“Apabila kita mengingat kembali saat kita mendapat pertolongan, seringkali mereka adalah teman-teman kita−orang-orang biasa yang ada dalam hidup kita sehari-hari. Kehadiran mereka dalam hidup kita disertai belas kasihan dan cinta kasih. Itulah cara Allah yang sempurna.”- Edward Welch
Saling Berdampingan, buku yang ditulis oleh seorang konselor Kristen Edward Welch ini, menghadirkan realitas yang cukup menjadi perenungan setiap kita yang mengaku sebagai anggota tubuh Kristus: kita adalah manusia yang penuh kelemahan. Artinya, gereja yang merupakan kumpulan anggota tubuh Kristus adalah sekumpulan manusia yang penuh kelemahan. Harus diakui, setiap hari ada sederet kesulitan yang hadir dalam kehidupan kita: kelelahan karena sejumlah tugas yang harus diselesaikan, ketidakpastian keuangan atau pekerjaan, kondisi kesehatan yang menurun, dukacita karena kehilangan orang yang dikasihi, relasi yang rentan terhadap pertikaian, dan lain-lain. Namun, jika kita melihat lebih jauh ke dalam firman Allah, kesulitan-kesulitan ini memiliki ruang untuk kita bawa kepada Allah dan kepada saudara-saudara kita sebagai sesama anggota tubuh Kristus.
Mazmur 30:9, “Kepada-Mu, ya TUHAN, aku berseru, dan kepada Tuhanku aku memohon.”
Welch menuangkan dua bagian dalam buku ini yang mengajak kita memaknai kehidupan yang saling berdampingan:
- Kita Membutuhkan Pertolongan
Umumnya setiap manusia tidak suka dengan yang namanya kelemahan, dan kerapuhan. Kita lebih suka terlihat mampu, sehat, dan kuat. Namun, di dunia yang sudah jatuh ini, kelemahan dan kerapuhan adalah realitas yang tidak dapat kita hindari dan perlu diterima. Kelemahan dan kerapuhan akan selalu mengiringi hari-hari hidup kita.

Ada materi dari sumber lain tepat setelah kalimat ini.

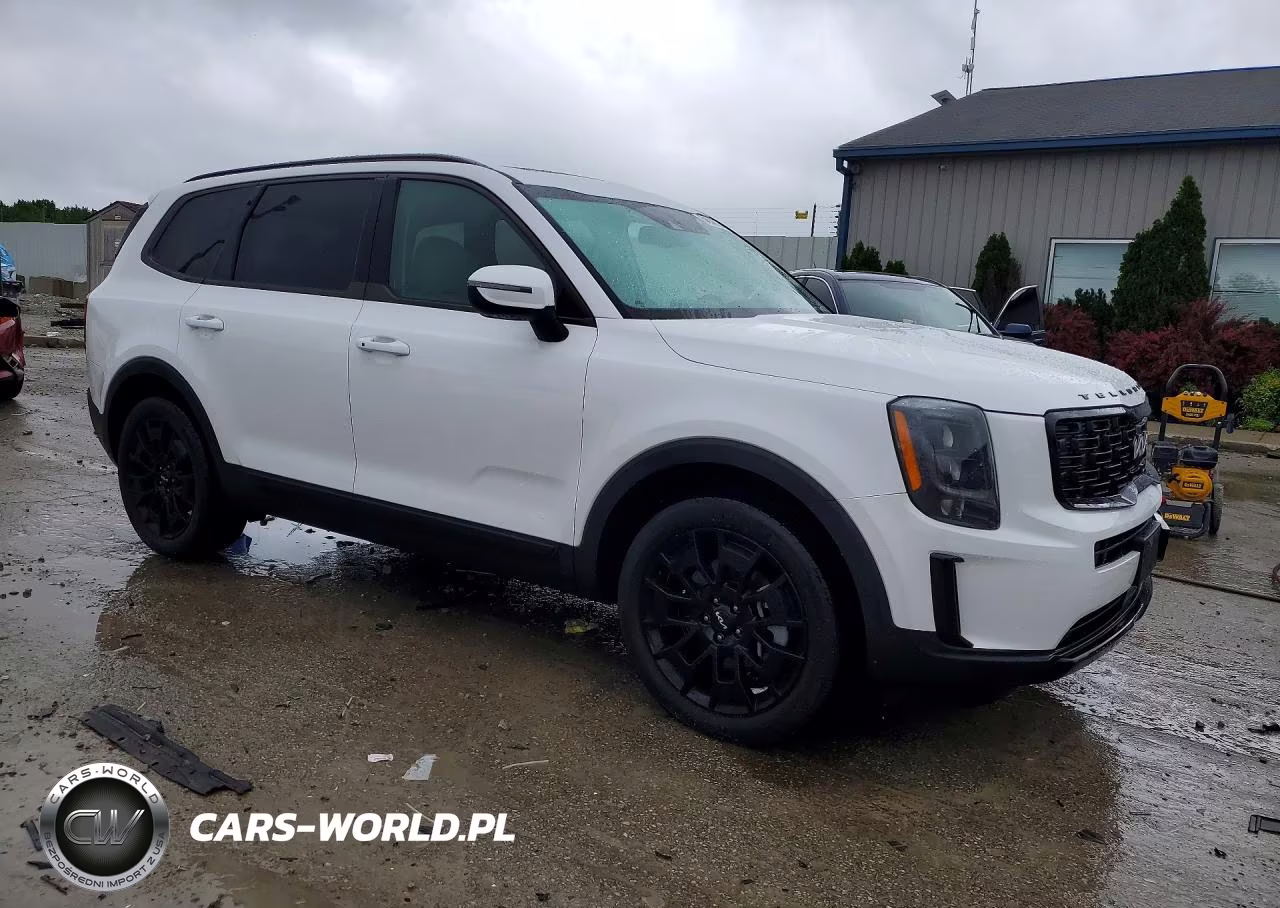 2022 Kia Telluride Ex VIN:5XYP3DHCXNG324456 - 4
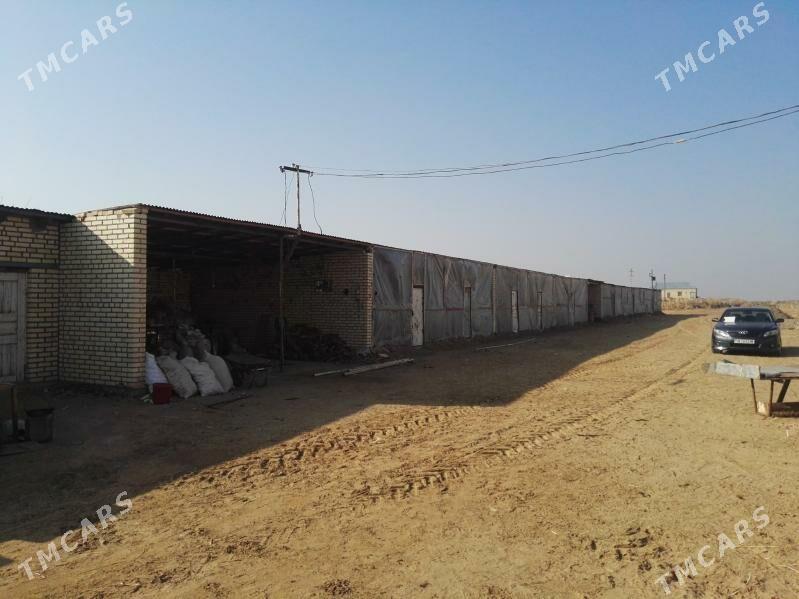 Maldarcylyk Mulk yer Fazenda - Мары - img 10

Dalam tahap ini, Welch menguraikan enam bagian untuk kita melihat keadaan-keadaan yang menyadarkan kita akan kebutuhan kita akan pertolongan. Welch berupaya mengingatkan kita terlebih dahulu tentang siapa diri kita. Kita harus menerima fakta bahwa Allah menciptakan kita di dalam keterbatasan. Kita diciptakan untuk bergantung kepada Allah dan sesama. Kebergantungan kepada Allah diawali dengan pengenalan yang benar akan Allah. Pengenalan yang akurat akan Allah, kata Welch, adalah hal yang terpenting, yang paling sehat, dan paling membuahkan sukacita. Dalam suratnya kepada jemaat di Efesus, Paulus menuliskan, “[A]ku pun tidak berhenti mengucap syukur karena kamu. Dan aku selalu mengingat kamu dalam doaku dan meminta kepada Allah Tuhan kita Yesus Kristus, yaitu Bapa yang mulia itu, supaya Ia memberikan kepadamu Roh hikmat dan wahyu untuk mengenal Dia dengan benar” (Ef. 1:16-17). Paulus tahu bahwa kebutuhan hati kita yang terdalam adalah Allah, untuk mengenal Dia dengan benar dan mengikuti-Nya. Namun, hati kita terlalu sibuk. Kita mendapati hati kita terlalu luas memberi ruang untuk ketakutan, rasa frustasi, kesedihan, kecemasan, ketidakbenaran, imajinasi yang liar, bahkan keberdosaan kita. Hati yang terlalu sibuk itulah yang membuat kita sulit untuk berbicara, bercerita, dan berseru untuk meminta pertolongan. Hati yang terlalu sibuk itu juga yang membawa kita tidak sadar akan keberadaan Allah, tidak selalu menghidupi pengetahuan tentang Allah, dan tidak selalu mengenali suara-Nya. Kita sadar bahwa kita belum sempurna baik dalam mengenal Allah maupun diri kita. Hati kita tidak akan pernah benar-benar merasa tenang, sampai kita beristirahat di dalam Dia.- Berseru “tolong” kepada Allah
Welch menekankan bahwa kita sangat sulit untuk meminta pertolongan. Padahal Allah memberi kita sarana anugerah untuk berseru kepada-Nya yaitu berdoa. Hal yang sering kali kita abaikan ketika kita berada dalam kesulitan. Hati kita terlalu sibuk mencari solusi atas kesulitan yang kita alami. Kita menutup hati, menyembunyikan diri, dan meragukan kebenaran-kebenaran-Nya.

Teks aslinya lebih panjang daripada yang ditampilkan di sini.